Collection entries
= = =

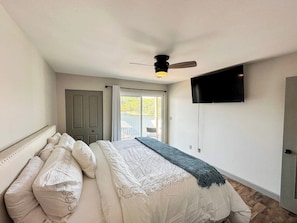 This bedroom has a king size bed, TV, and a spectacular lake views from the balcony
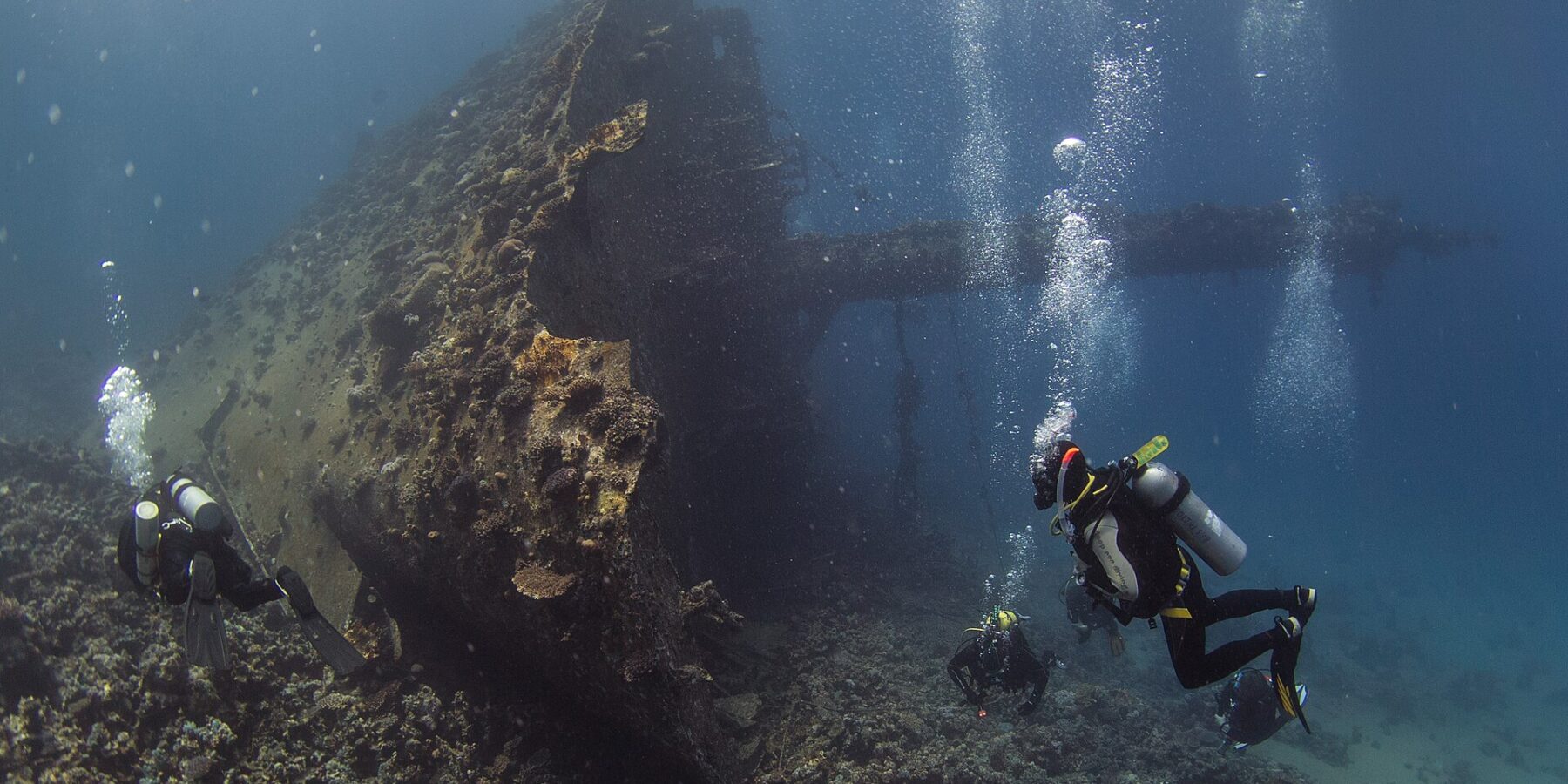 The upright bow of the Giannis D, covered in growth, with three divers at the foot of the wreck in blue water full of bubbles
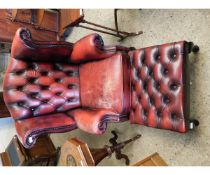 OXBLOOD LEATHER AND BUTTON BACK WING FIRESIDE CHAIR TOGETHER WITH MATCHING FOOT STOOL (2)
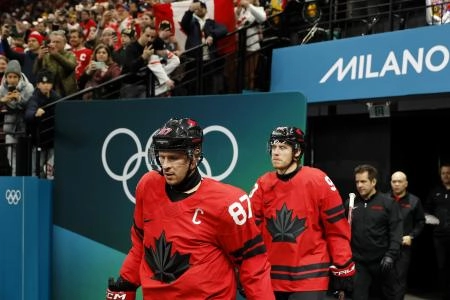 Feb 18, 2026; Milan, Italy; Sidney Crosby of Canada walks out to the ice before a men's ice hockey quarterfinal during the Milano Cortina 2026 Olympic Winter Games at Milano Santagiulia Ice Hockey Arena.
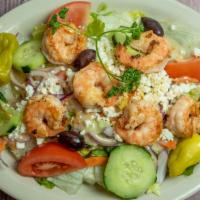 Grilled Shrimp Salad · Served with special homemade salad dressing and hot pita bread.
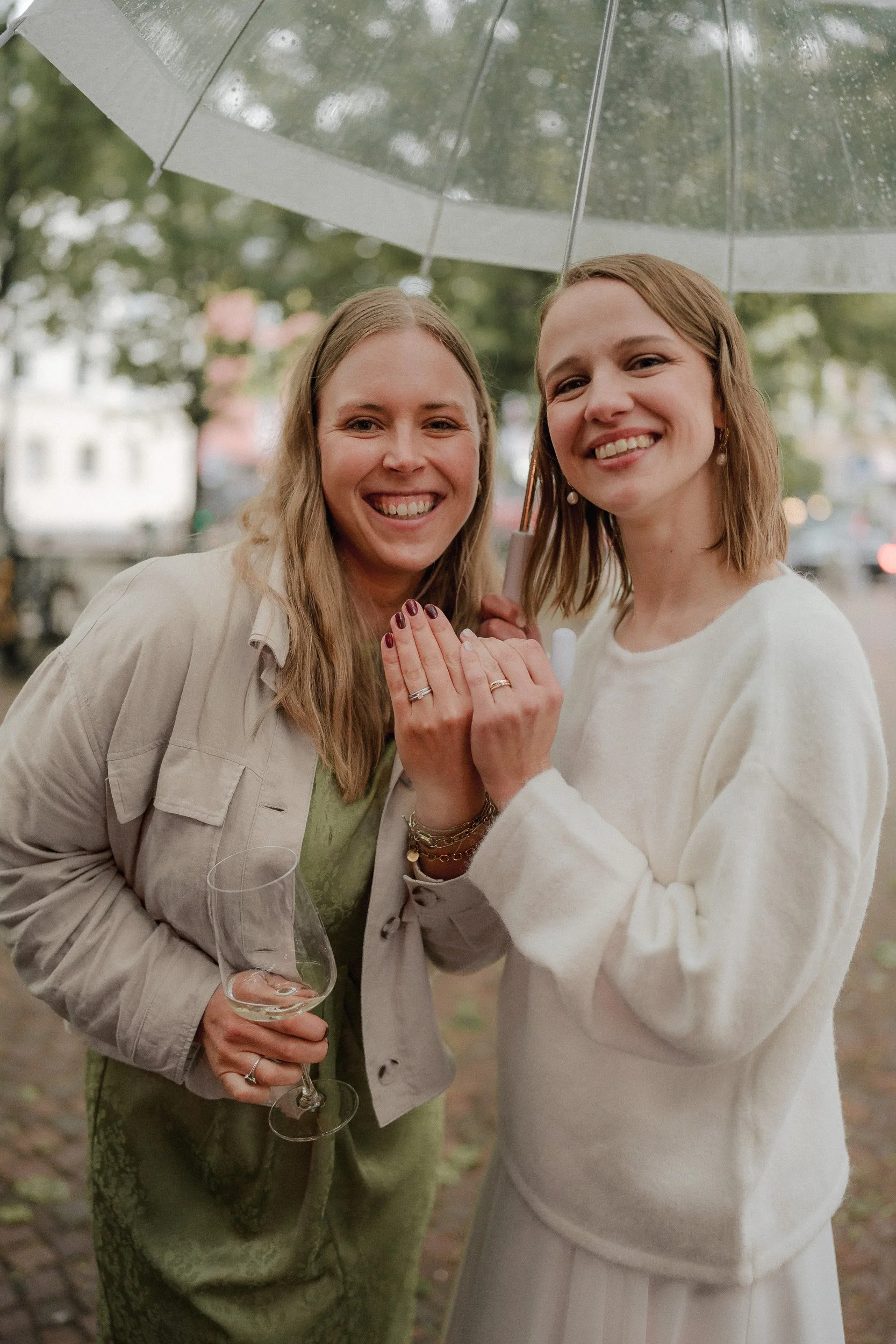 Zwei lachende Frauen unter einem transparenten Regenschirm im Freien, eine hält ein Weinglas, beide zeigen Eheringe.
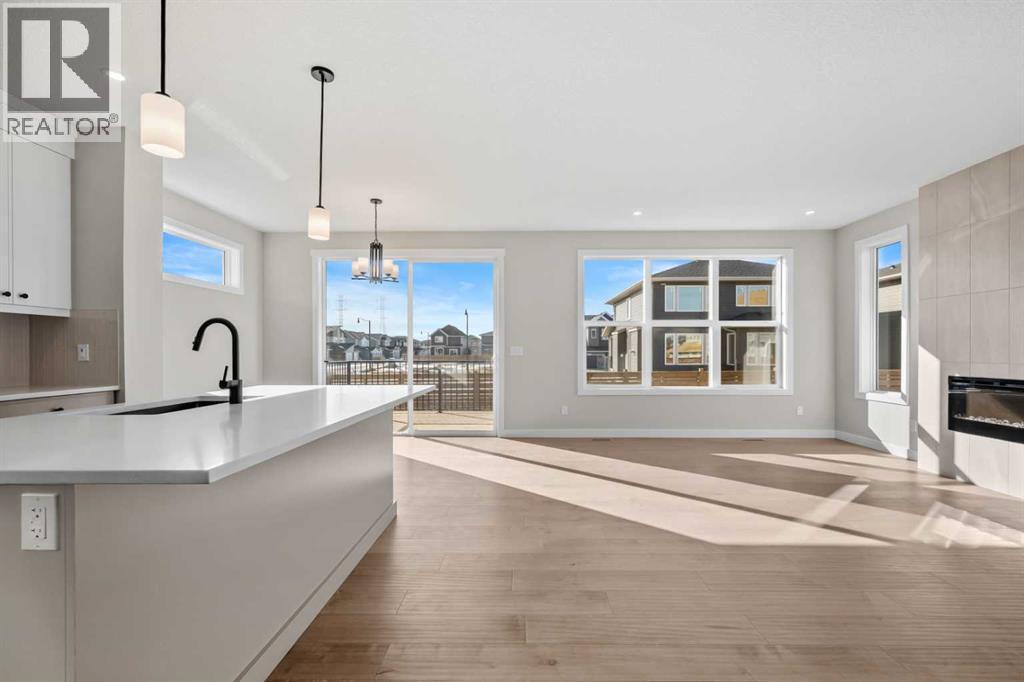 151 Dawson Wharf Mount, Chestermere, Alberta  T1X 2W4 - Photo 3 - A2292338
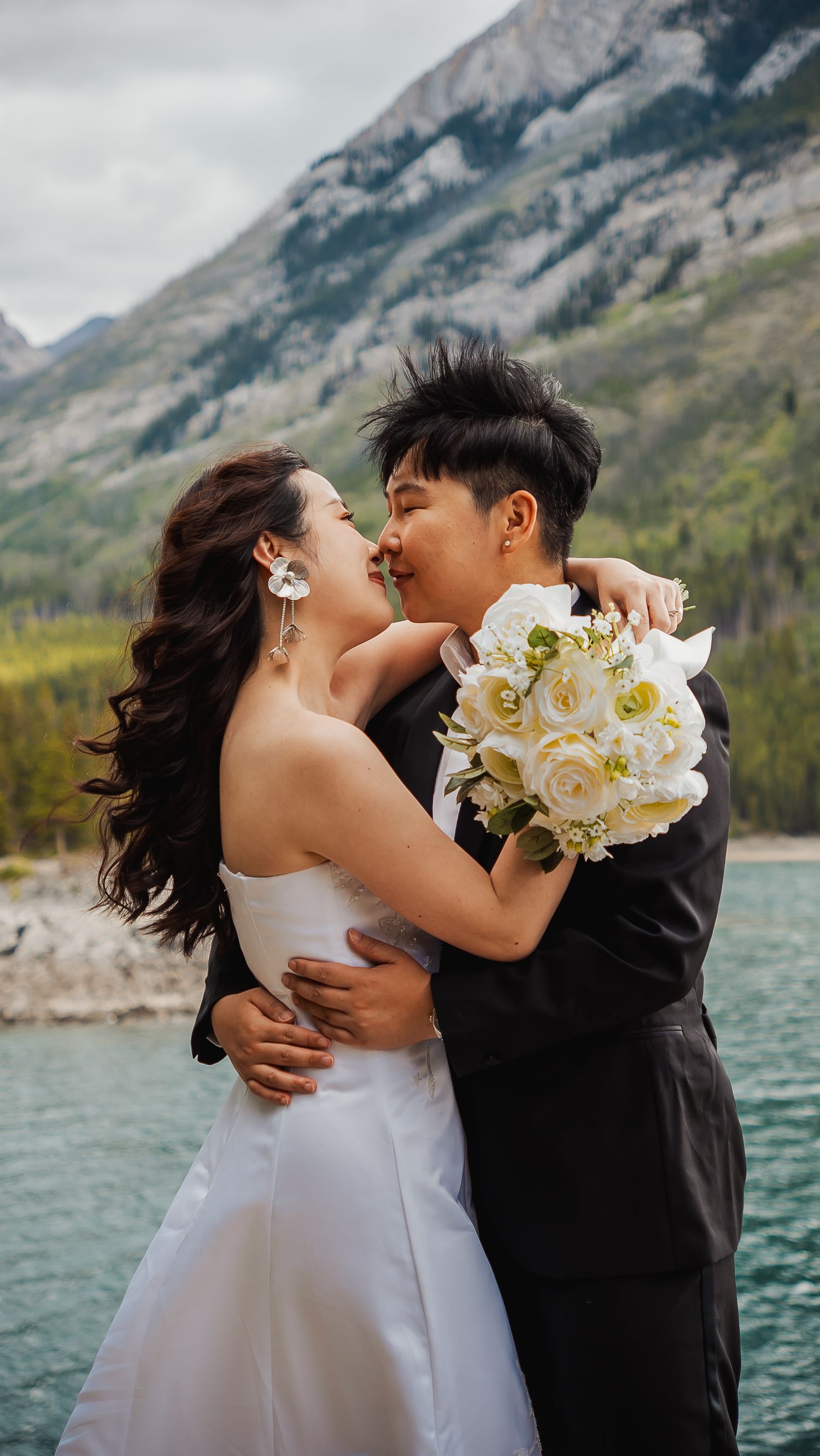A couple shares a romantic moment at their mountain lakeside wedding with a white rose bouquet and scenic backdrop.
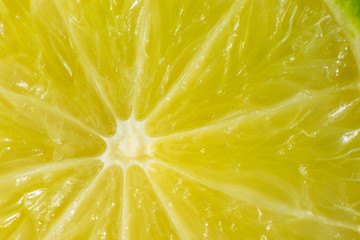 Bright juicy lime pulp close-up. High-quality image is suitable for topics: healthy lifestyle, vitamins, proper nutrition, diet, summer, fresh juices. Background fruit texture.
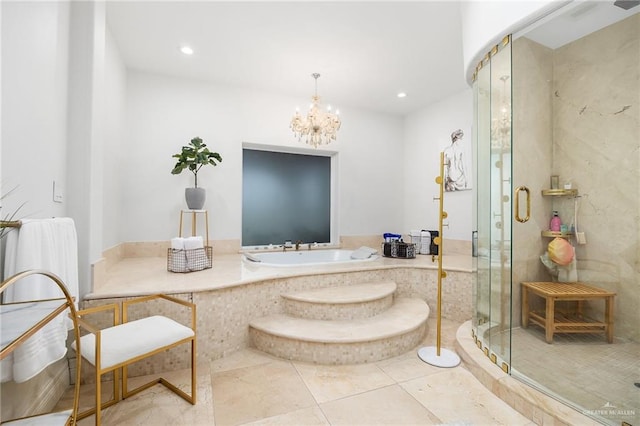 bathroom with tile patterned floors, a notable chandelier, shower with separate bathtub, and sink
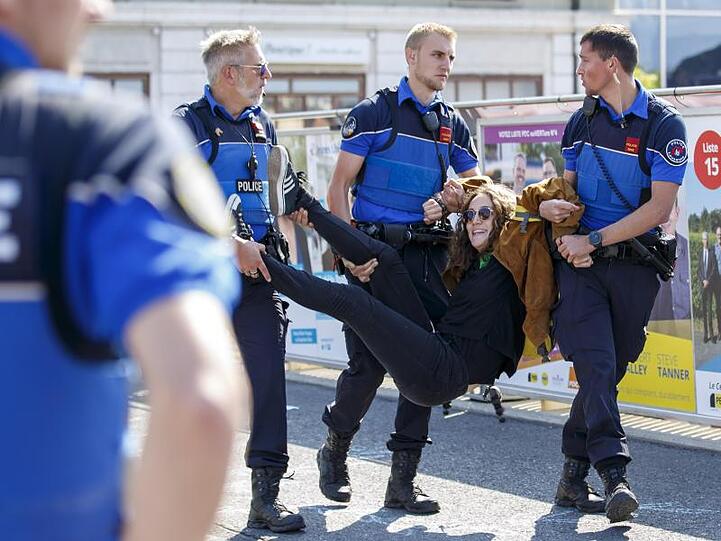 Abgasfrei zum Polizeiwagen: Eine Demonstrantin wird in Lausanne weggetragen.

= = =

ASSIGNMENT: Set down each entry above word for word, without its pictures.

EXERCISE SOLUTION:
 This bedroom has a king size bed, TV, and a spectacular lake views from the balcony
 The upright bow of the Giannis D, covered in growth, with three divers at the foot of the wreck in blue water full of bubbles
 OXBLOOD LEATHER AND BUTTON BACK WING FIRESIDE CHAIR TOGETHER WITH MATCHING FOOT STOOL (2)
 Feb 18, 2026; Milan, Italy; Sidney Crosby of Canada walks out to the ice before a men's ice hockey quarterfinal during the Milano Cortina 2026 Olympic Winter Games at Milano Santagiulia Ice Hockey Arena.
 Grilled Shrimp Salad · Served with special homemade salad dressing and hot pita bread.
 Zwei lachende Frauen unter einem transparenten Regenschirm im Freien, eine hält ein Weinglas, beide zeigen Eheringe.
 151 Dawson Wharf Mount, Chestermere, Alberta  T1X 2W4 - Photo 3 - A2292338
A couple shares a romantic moment at their mountain lakeside wedding with a white rose bouquet and scenic backdrop.
 Bright juicy lime pulp close-up. High-quality image is suitable for topics: healthy lifestyle, vitamins, proper nutrition, diet, summer, fresh juices. Background fruit texture.
 bathroom with tile patterned floors, a notable chandelier, shower with separate bathtub, and sink
 Abgasfrei zum Polizeiwagen: Eine Demonstrantin wird in Lausanne weggetragen.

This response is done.